Adam Smith vs. Zeca Pagodinho

Por Meg Barros em 28/10/2008 na edição 509

Dia desses, ao ser questionado sobre a atual situação de crise econômico-financeira mundial, o presidente Lula respondeu a repórteres que não se pode tratar a economia como na música de Zeca Pagodinho Deixa a vida me levar… Nem precisa dizer que choveram críticas dos jornalistas à resposta do chefe do poder Executivo.

O que poucos entenderam é que a frase do presidente tinha a intenção de tornar seu pensamento o mais rapidamente assimilado por qualquer pessoa sem conhecimento teórico sobre economia. Ele pretendia alcançar a compreensão de todos, perfazer o caminho completo da comunicação: do emissor (ele próprio) ao receptor (povo).

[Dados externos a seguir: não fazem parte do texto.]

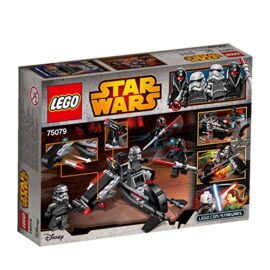 Lego-Star-Warstm-75079-Jeu-De-Construction-Shadow-Troopers-0-1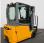  Jungheinrich EFG 220 SP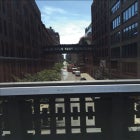 북미여행 패키지 나이아가라여행 상품 동부 캐나다 아틀란틱 일주 9일[빨간머리앤 퀘벡]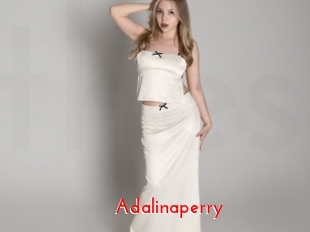 Adalinaperry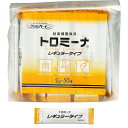 2g×50本【トロミーナ レギュラータイプ】とろみ調整 335731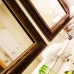 Hotel availability in Valencia 1426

Os que já passaram pelas cadeiras do curso de Economia Política esbarram na teoria de Adam Smith sobre liberalismo econômico. Para ele, a intervenção do Estado na economia deve ser a menor possível (Teoria do Estado Mínimo), pois acredita existir uma ordem natural capaz de reger as relações econômicas dos Estados (Teoria da Mão Invisível). Smith era defensor da máxima ‘laissez-faire, laissez-passer‘, em português ‘deixe estar, deixe passar’, no sentido da não-interferência do Estado na economia.

Com o povo e para o povo

Lula, ao responder ao jornalista que não se pode tratar a economia como na música de Zeca Pagodinho Deixa a vida me levar, estava criticando, mas de uma forma muito criativa, o liberalismo econômico defendido por Smith (laissez-faire, laissez-passer).

Que outra forma mais simples e compreensível para um presidente falar sobre economia para os brasileiros? Ele estabeleceu um nível completo de comunicação. E mais, o tom cômico da frase de comparação torna a mensagem facilmente lembrada.

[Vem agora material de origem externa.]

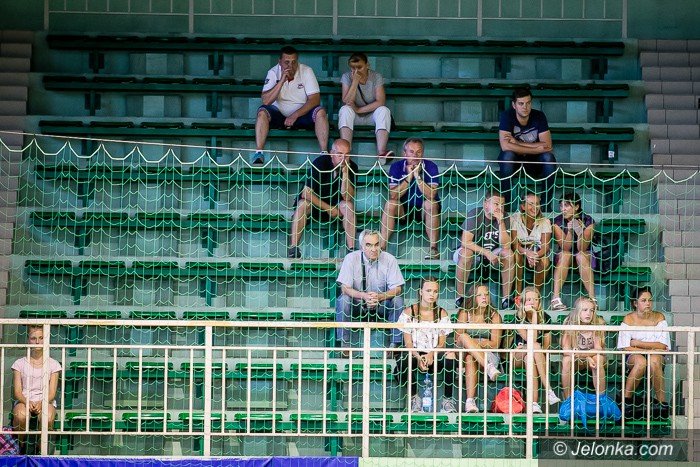 sparing-kpr-czeszki-minimalnie-lepsze-foto-70177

Com essa declaração, ao contrário do que muitos jornalistas pensaram, Lula defendeu a ingerência do Estado na controle da atividade econômica, como forma de proteger interesses que considera fundamentais para a política econômica do seu governo.

É uma forma de comunicar das mais inteligíveis que eu já vi, e que muita gente não compreende. Daí o que tantos não entendem – a crescente aprovação do governo Lula, no fundo, tem uma explicação muito simples: cada vez mais, ele fala com o povo e para o povo.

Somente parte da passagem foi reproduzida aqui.